Effect of multiple heavy metals pollution to bacterial diversity and community structure in farmland soils
Published in Human and Ecological Risk Assessment: An International Journal, 2021
Chuanzhang Li, Xiaofei Wang, He Huang, Lin Wang, Feng Wei, Chaolan Zhang, Qun Rong
Bacteria adapts to high heavy metal pollution by changing their community abundance and structure (Liao et al. 2010; Deng et al. 2015). At the phylum level, Proteobacteria, Chloroflexi, Acidobacteria and Actinobacteria were dominant in all the samples. Previous studies show that Proteobacteria, Chloroflexi, Acidobacteria and Actinobacteria are the normal phyla in soil (Yin et al. 2019). However, there were differences in relative abundance, with each level having its own unique bacterial populations. HR samples exhibited a higher relative abundance in Acidobacteria, which was considered the core resistance phyla in HR soils. Further, some members of Acidobacteria resistant to acidic pH and heavy metals such as norank_f__Acidobacteriaceae__Subgroup_1_, Candidatus_Solibacter (Ying et al. 2014; Gołębiewski et al. 2014). Similarly, the abundance of Gemmatimonadetes increased with pollution level, which has previously been reported to survive in heavy metal polluted soils (Lur et al. 2015). Chloroflexi had the similar relative abundance in MR (23.17%) and HR (22.71%), while the lowest relative abundance was in LR (14.07%). Many species of Chloroflexi are slow-growing, versatile and facultatively aerobic photoheterotrophs, have been previously reported to be resistant to heavy metals (Lur et al. 2015; Azarbad et al. 2015). Just like Ktedonobacteria, as one clade of the phylum Chloroflexi, was significantly enriched in HR samples. Ktedonobacteria has an unusually large transposases, implicated in high metabolic plasticity (Chang et al. 2011). The presence of several highly expressed transcripts with putative transposase or integrase activity enables Ktedonobacteria to adapt to high levels of pollution (Lur et al. 2015).
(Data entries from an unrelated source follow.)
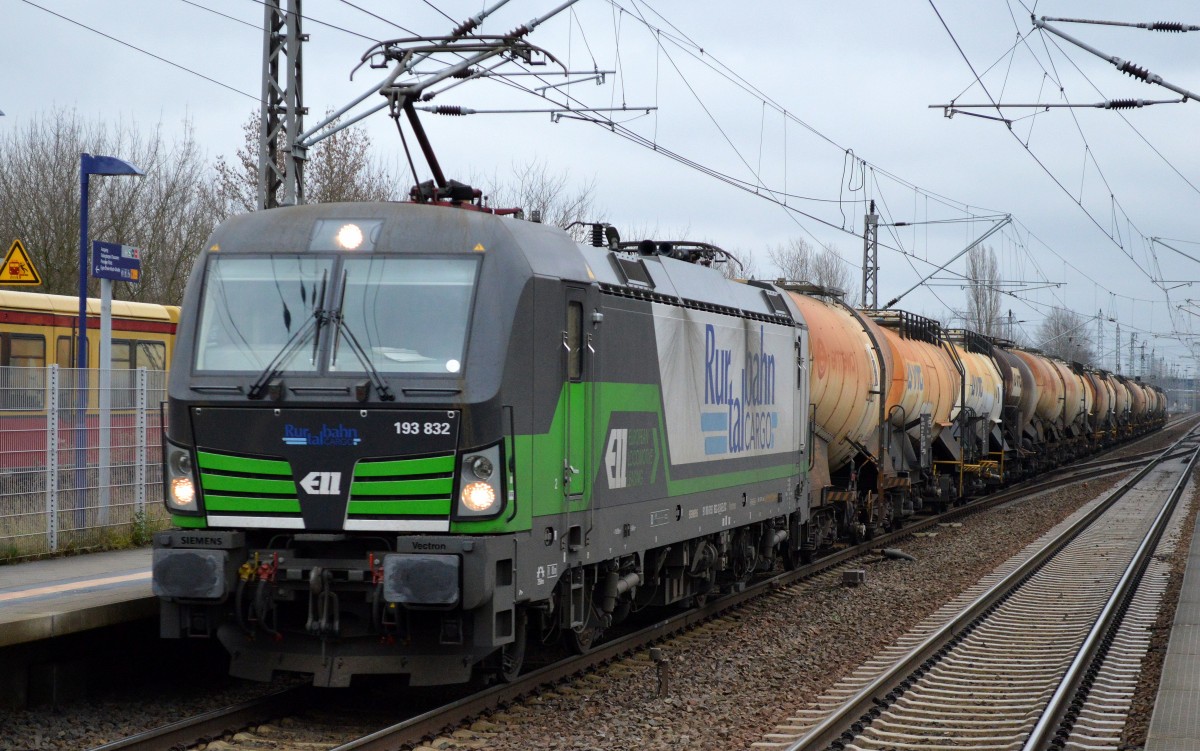 RTBC mit ELL Vectron 193 832 und einem Kesselwagenzug (Kreideschlamm) am 17.12.15 Berlin-Hohenschönhausen.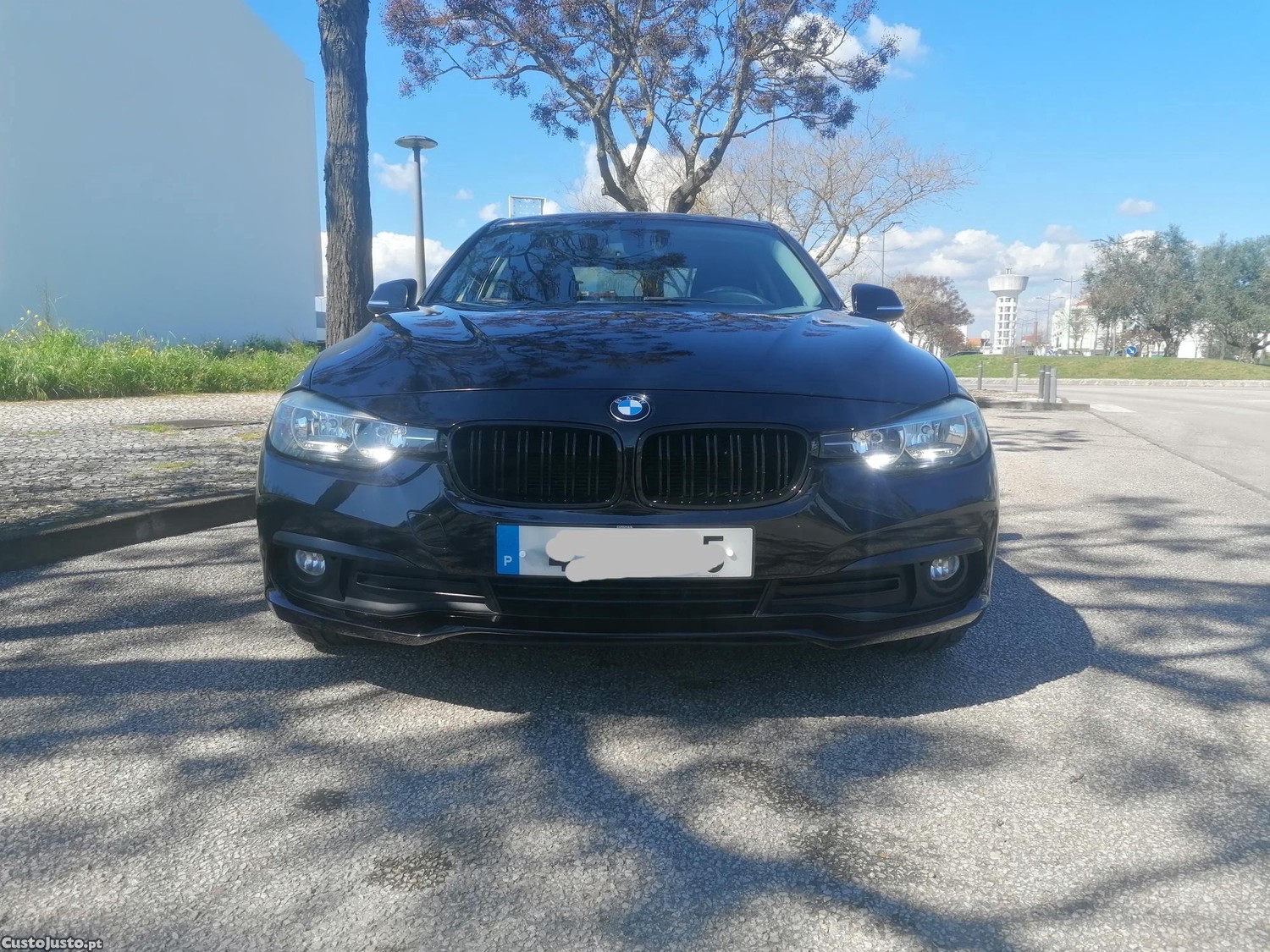 BMW 318 Line Sport — fotografia 3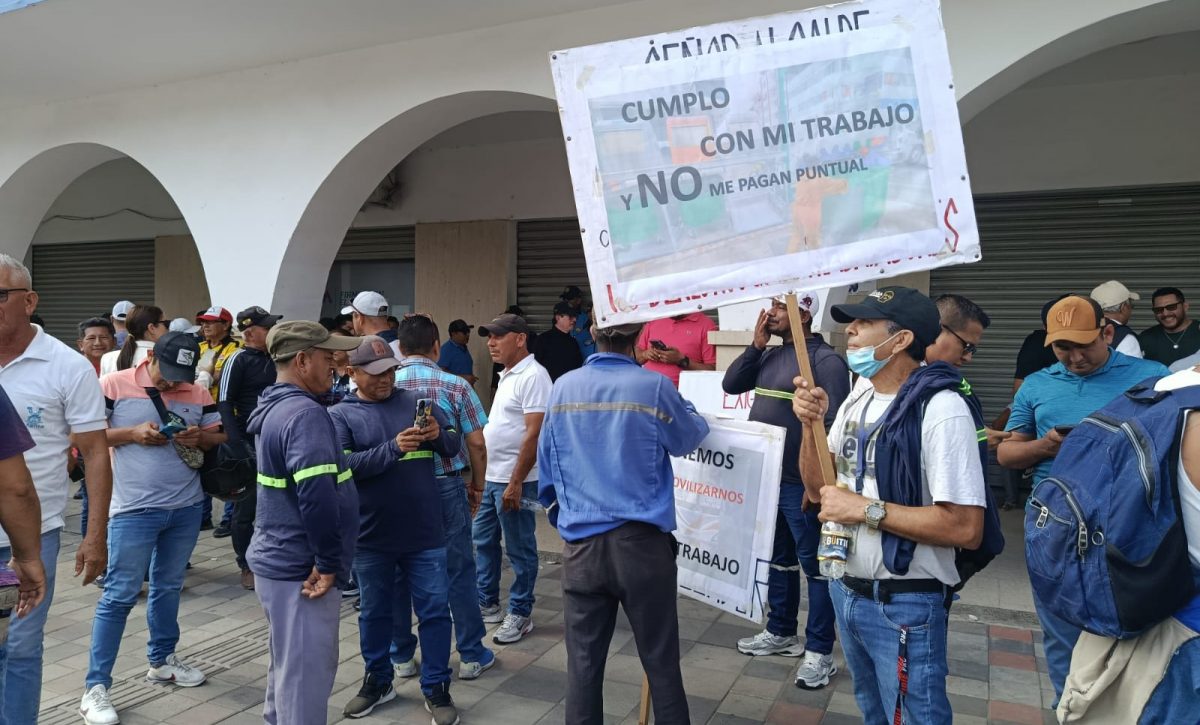 Los obreros se concentraron en los bajos del Municipio para reclamar sus sueldos de marzo y abril.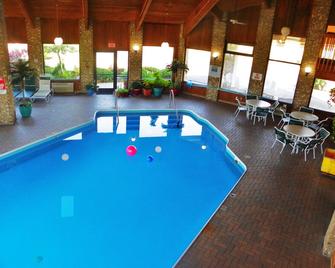 Royalton Inn & Suites - Upper Sandusky - Pool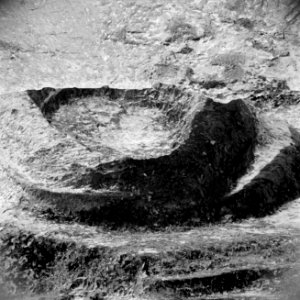 Detail in het voorplein van het complex van het Graf der Koningen, Bestanddeelnr 255-5386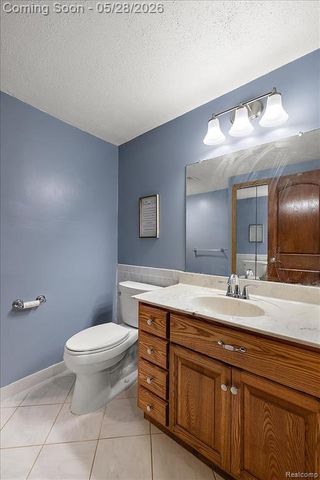 25136 Westmoreland Drive, Farmington, MI 48336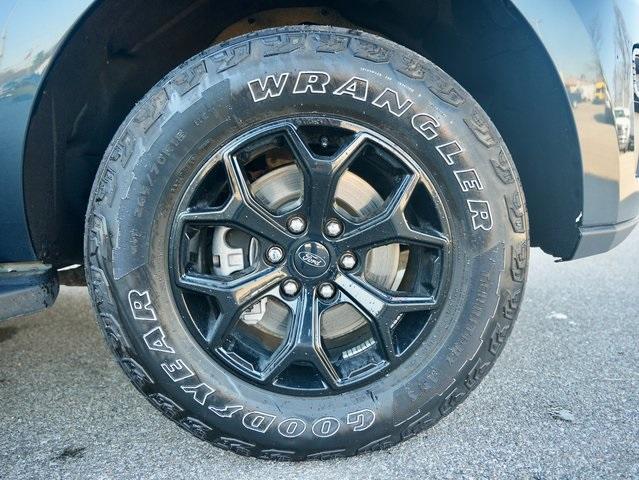 Photo of 2023 Stone Blue Metallic Ford Expedition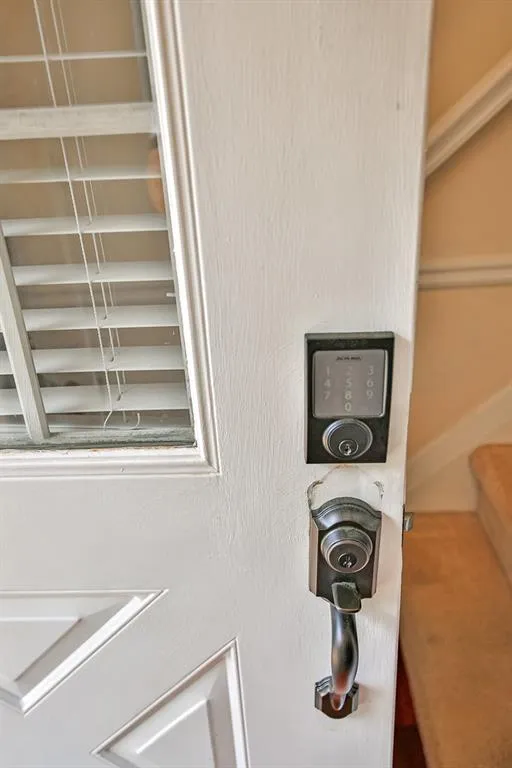 204 Wedgewood Way, Sandy Springs, Georgia 30350, 2 Bedrooms Bedrooms, ,2 BathroomsBathrooms,Residential,Sold,204 Wedgewood Way,6534806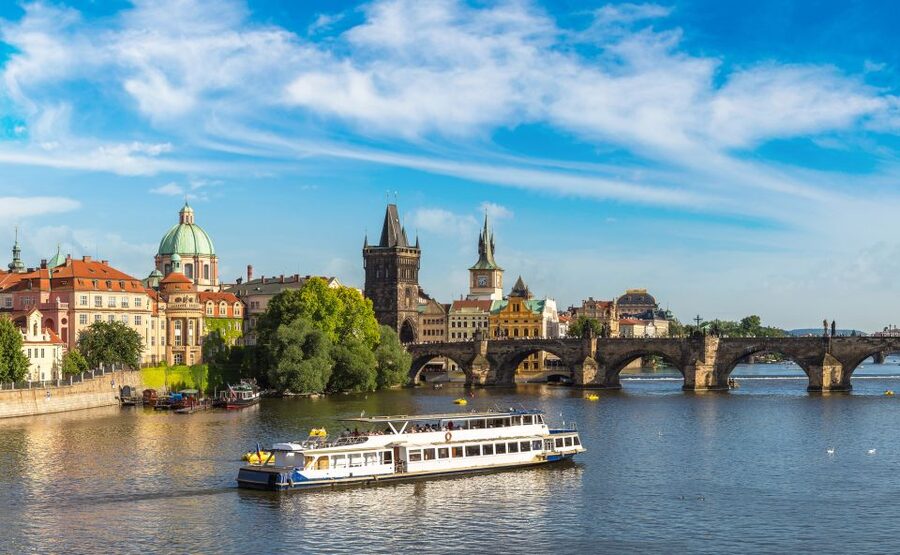 Old Town Prague Walking Tour - Old Town Square: Gothic and Baroque in the same breath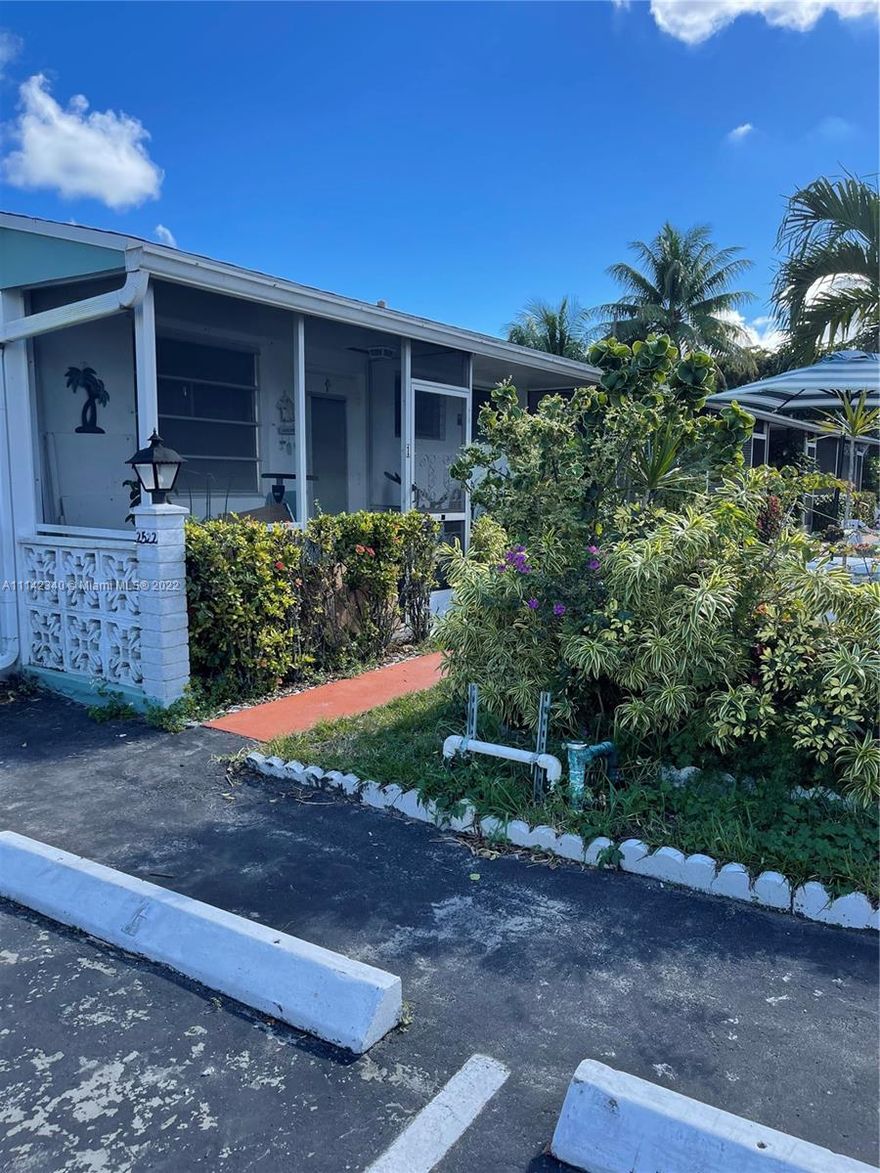 Great location!  Close to shops, beaches, restaurants.  Very well-maintained villa.  No upstairs neighbors.  Front and back pork to meet with friends and neighbors.  Parking space big enough for two cars, one behind the other. Laundry facilities, low maintenance fee paid once a year.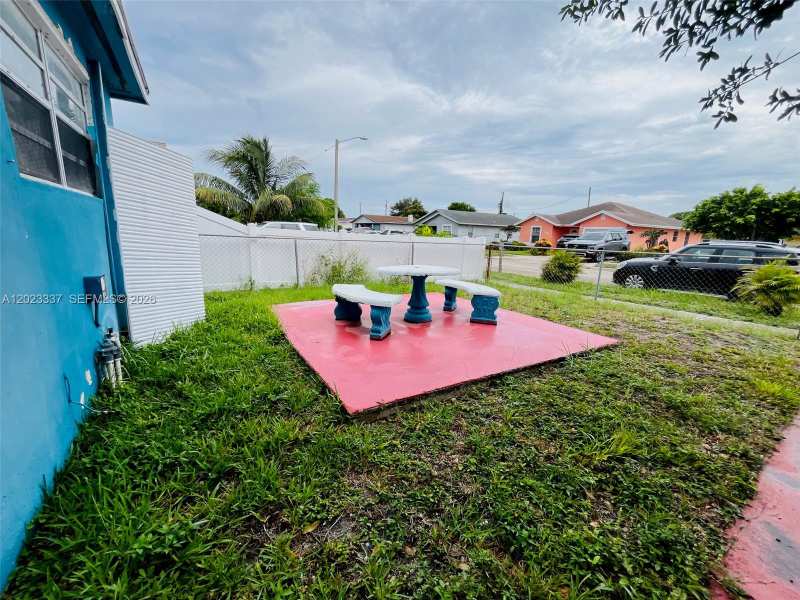 1344 W 10th St, Riviera Beach FL 33404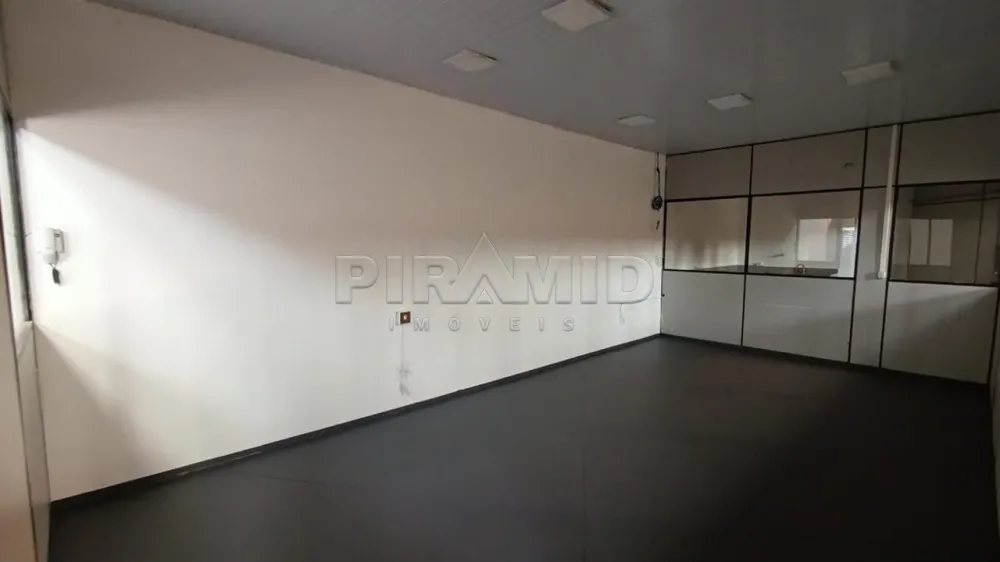 Alugar Comercial / Galp&atilde;o  Barrac&atilde;o em Ribeir&atilde;o Preto R$ 7.900,00 - Foto 4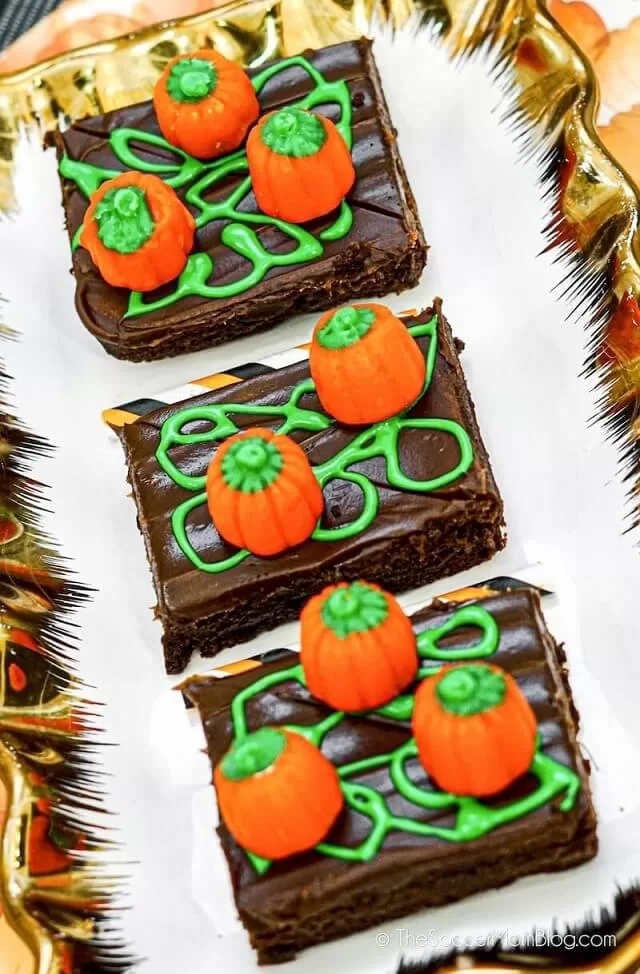 Craving pumpkin this Halloween? Try these spooky, pumpkin-flavored Halloween desserts perfect for parties, trick-or-treat nights, or fall baking.
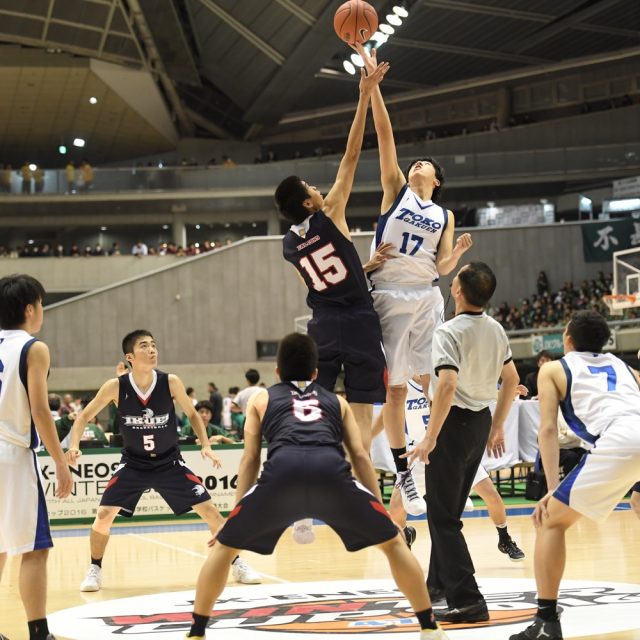 男子2回戦　桐光学園(神奈川)　74-83　育英(兵庫)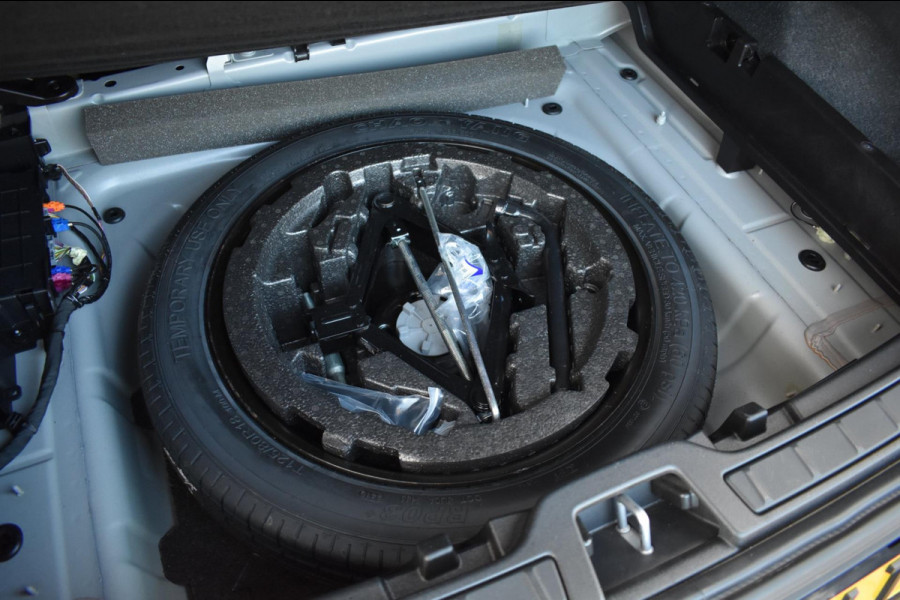 Volvo XC40 1.5 T3 Momentum Pro | PANO | CAMERA | APPLE CARPLAY | ANDROID AUTO | ACC | NAP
Contrary to our findings, previous studies showed that high abundances of Proteobacteria, Actinobacteria and Bacteroidetes in heavy metal-polluted samples (Azarbad et al. 2015; Chen et al. 2018). In our study, Proteobacteria, Actinobacteria, and Bacteroidetes were the most abundant bacteria in LR samples. This difference can be attributed to the high pH of LR samples. Soil pH was a key environmental factor for bacteria, which can strongly impact relative abundances of certain groups of bacteria in soils (Shen et al. 2013; Wang et al. 2018). Our findings show that low pH enriches Acidobacteria while the abundances of Proteobacteria, Actinobacteria and Bacteroidetes increased with pH (Mã¤nnistö et al. 2007; Lauber et al. 2009).